DIRECTIONS –
Omit all pictures, then retype exactly the lines from the one that contains "Building Photo - 2 Frances Ave" through the end of the listing.

======== AVAILABLE RECORDS

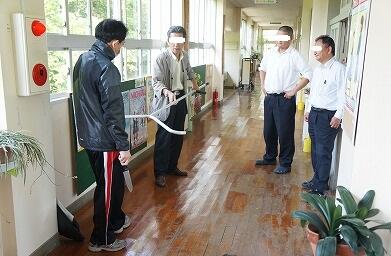 「さすまた」は正面から使うものではありません。不審者と正面から出喰わしたら、あくまでも距離を取る道具として使ってください。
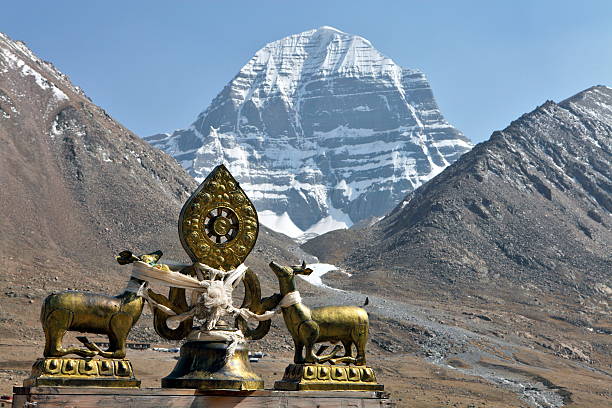 statues bouddhistes, saint mont kailash-plan - bonpo photos et images de collection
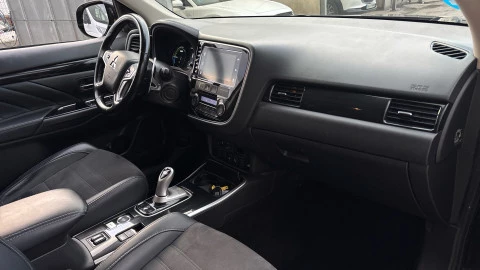 Mitsubishi Outlander 2.0 PHEV Kaiteki Auto 4WD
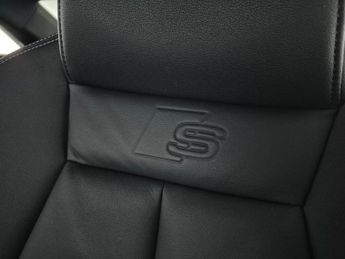 Audi A3 1.5 TFSI 35 S line S Tronic (150 ps) - LED - LEATHER - SPORTS SE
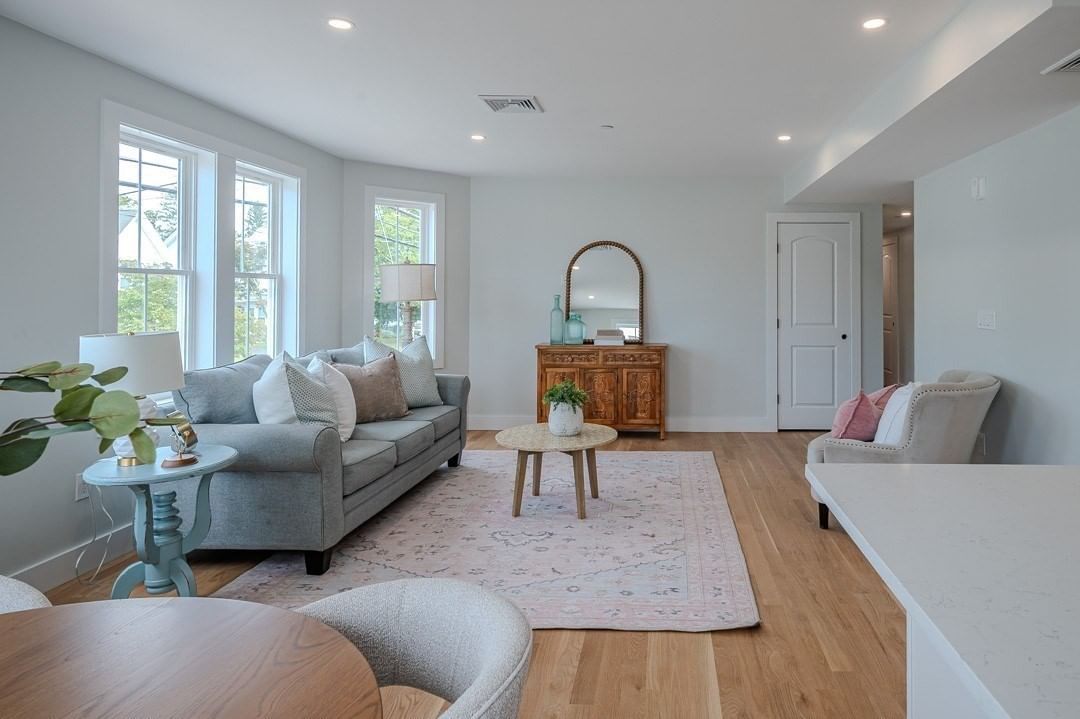 199 South Avenue #3 Whitman — Photo 5 of 20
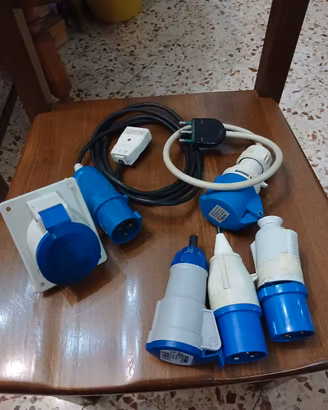 Materiale elettrico CEE 16A e adattatori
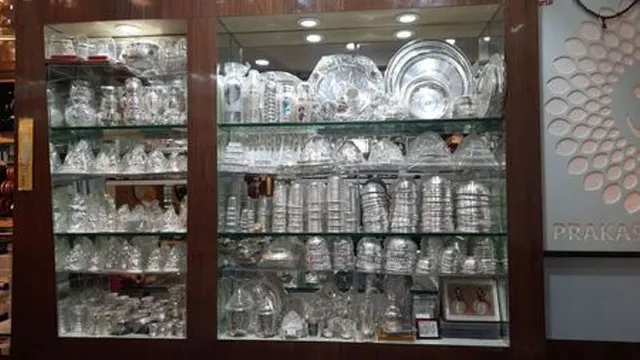 ଧନତେରାସର ଜୋରଦାର ପ୍ରସ୍ତୁତି; ହ୍ରାସ ପାଇବ ସୁନା ଦର !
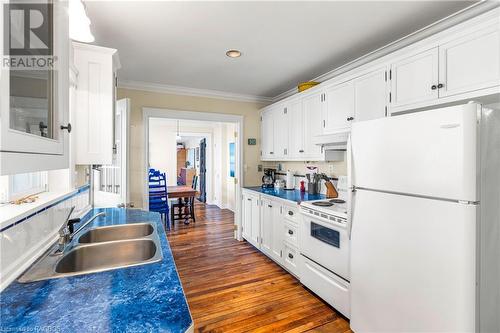 18 Cape Chin North Shore Road, North Bruce Peninsula, ON - Indoor Photo Showing Kitchen With Double Sink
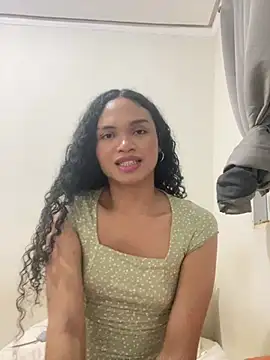 Snapshot of AnaAngel_ chatting on June 12, 1:37 am AnaAngel online show from June 12, 1:37 am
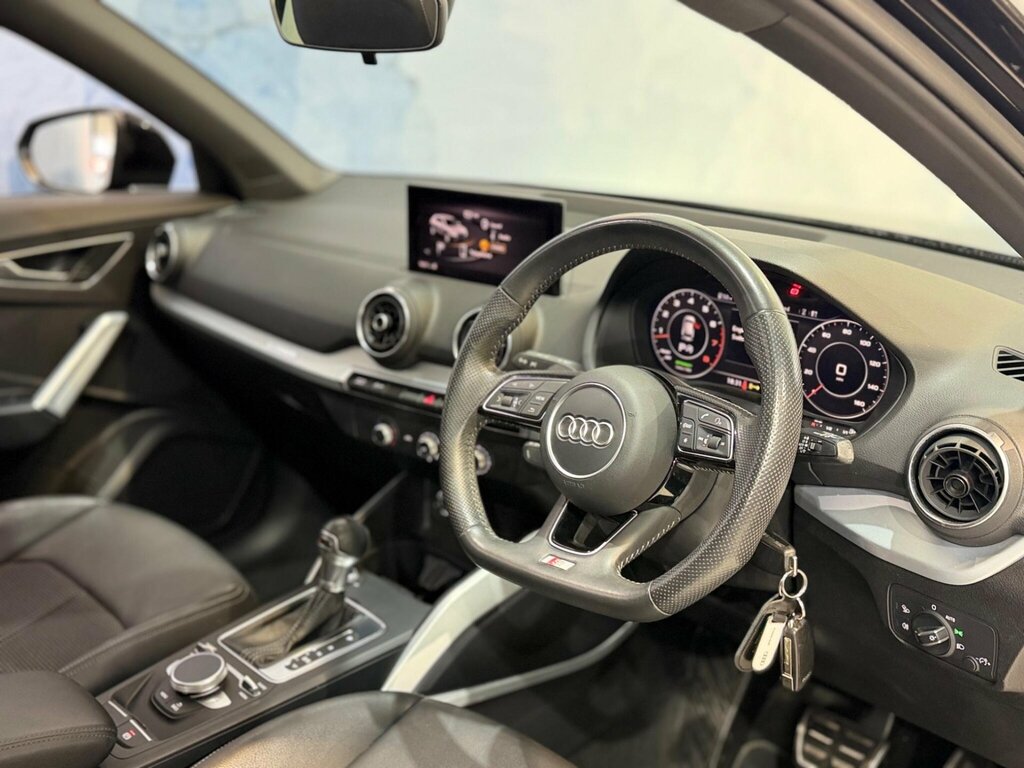 Audi Q2 1.5 Tfsi Cod 35 S Line S Tronic Euro 6 Ss KV19WMR Black #3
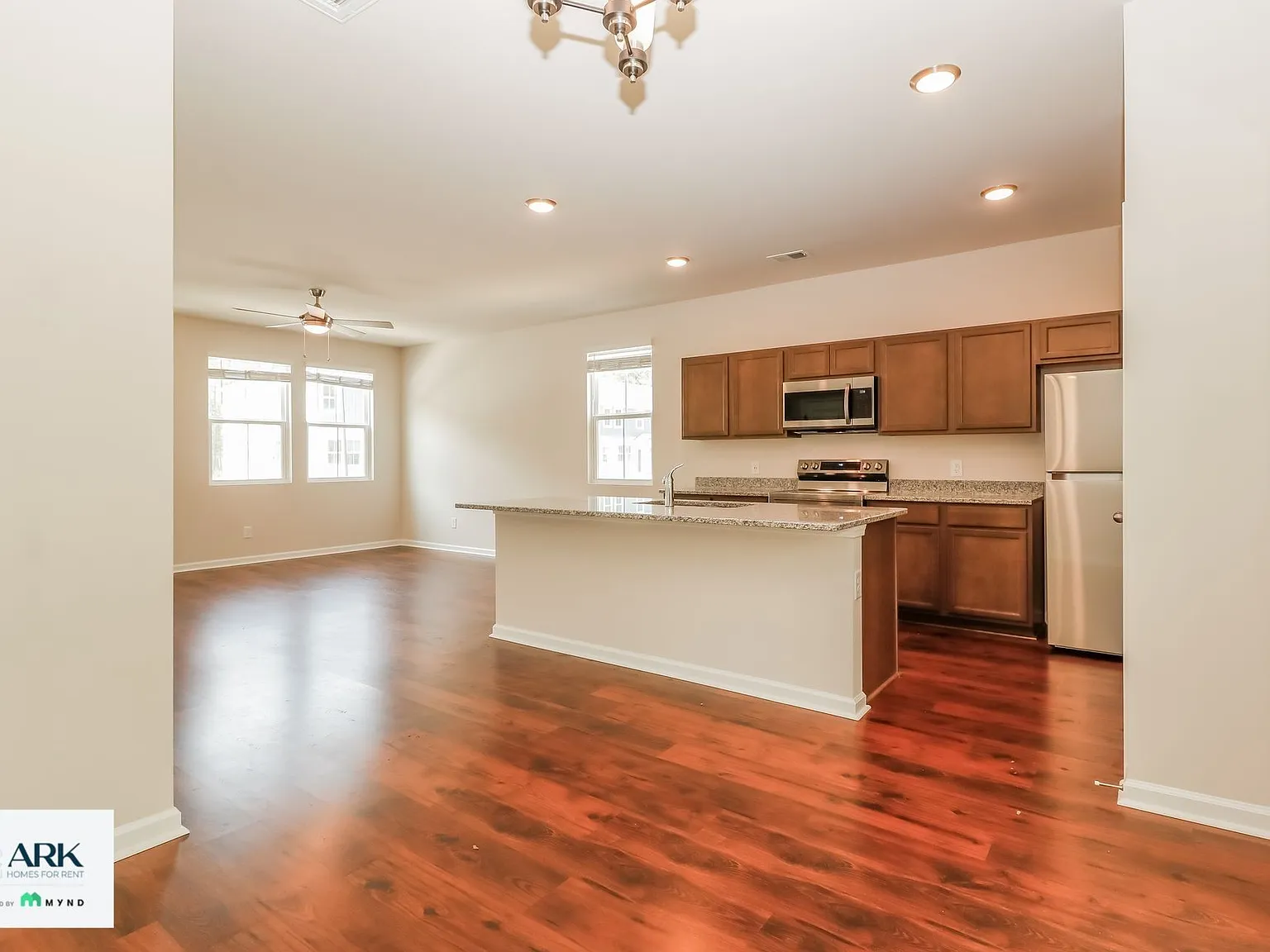 3 bed, 2.5 bath, 1315 sqft, $1,849 — Photo 3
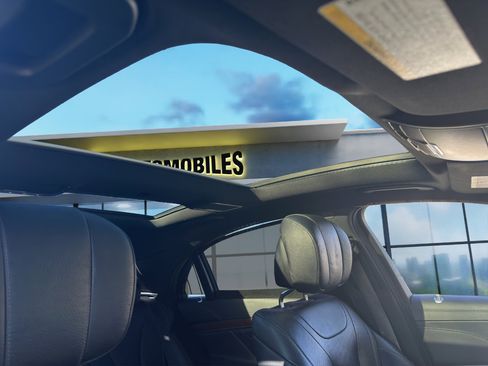 Used 2016 Mercedes-Benz S 550 Sedan image 26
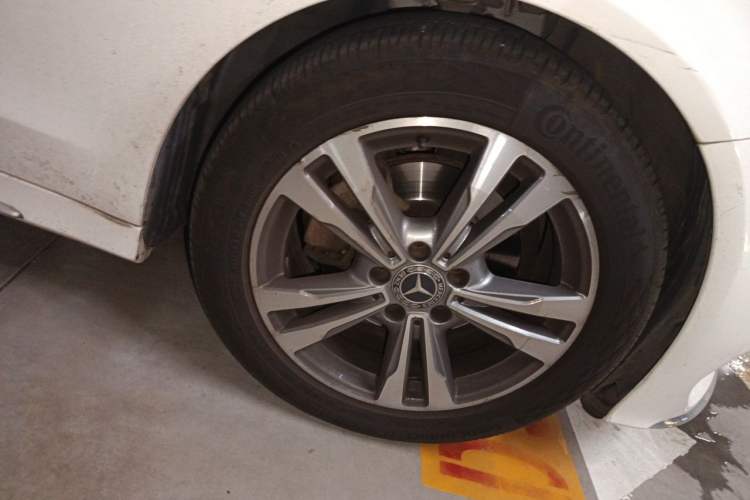 Used Mercedes-Benz C-Class 2017 Facelift C 200 L Sport Edition Right Front Wheel Hub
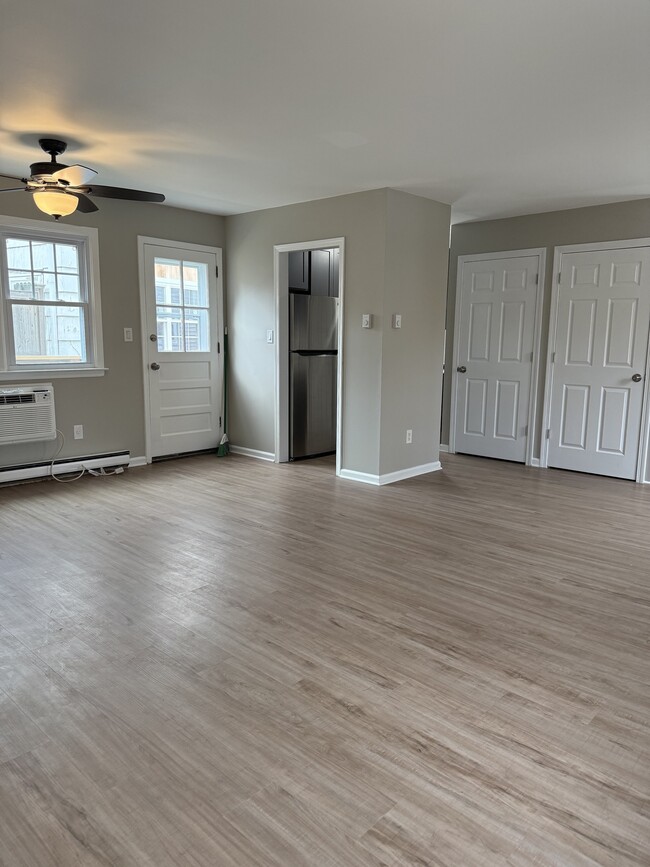 Building Photo - 2 Frances Ave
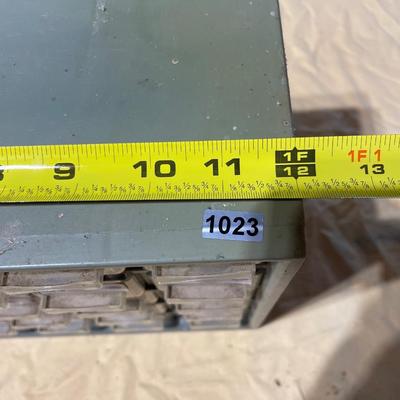 Screws and nuts cabinet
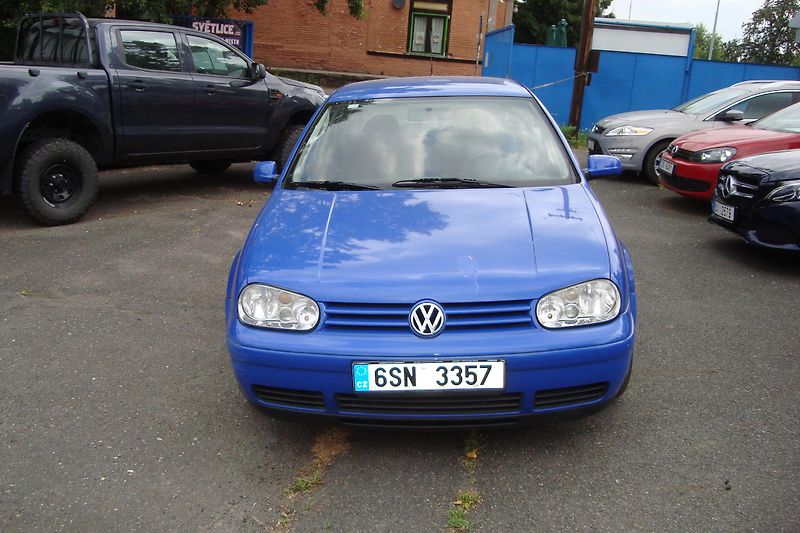 Volkswagen Golf (1998) 1.9 TDi,81 kw - fotka 2 z 35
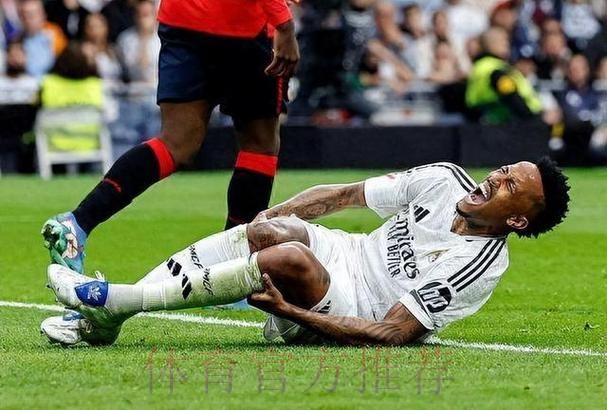 六台记者:皇马考虑让米利唐在国家德比任右后卫 六台记者:皇马考虑让米利唐在国家德比任右后卫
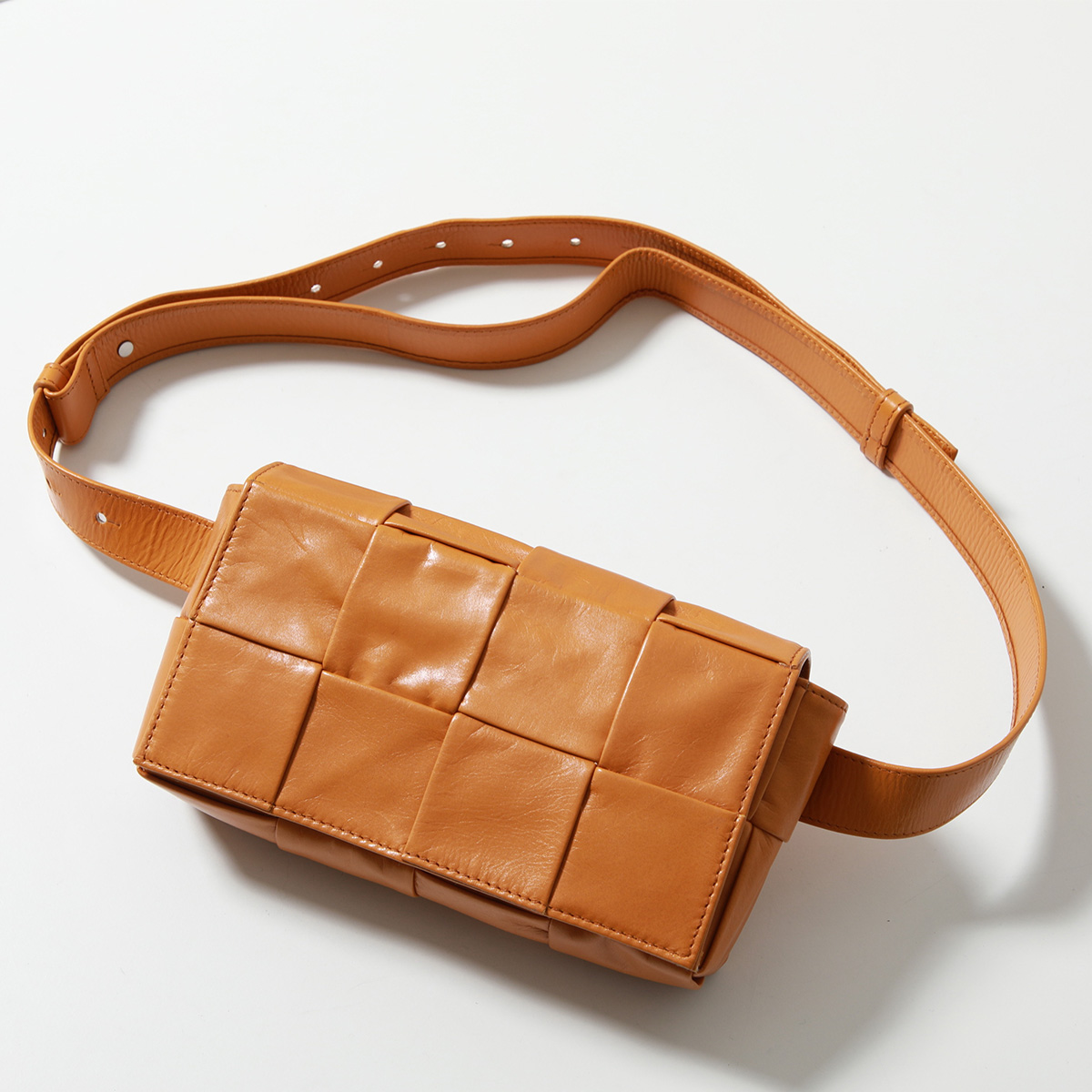 BOTTEGA VENETA ボッテガヴェネタ ボディバッグ CASSETTE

================

SOLUTION TO THIS PROBLEM –
 Building Photo - 2 Frances Ave
 Screws and nuts cabinet
 Volkswagen Golf (1998) 1.9 TDi,81 kw - fotka 2 z 35
 六台记者:皇马考虑让米利唐在国家德比任右后卫 六台记者:皇马考虑让米利唐在国家德比任右后卫
 BOTTEGA VENETA ボッテガヴェネタ ボディバッグ CASSETTE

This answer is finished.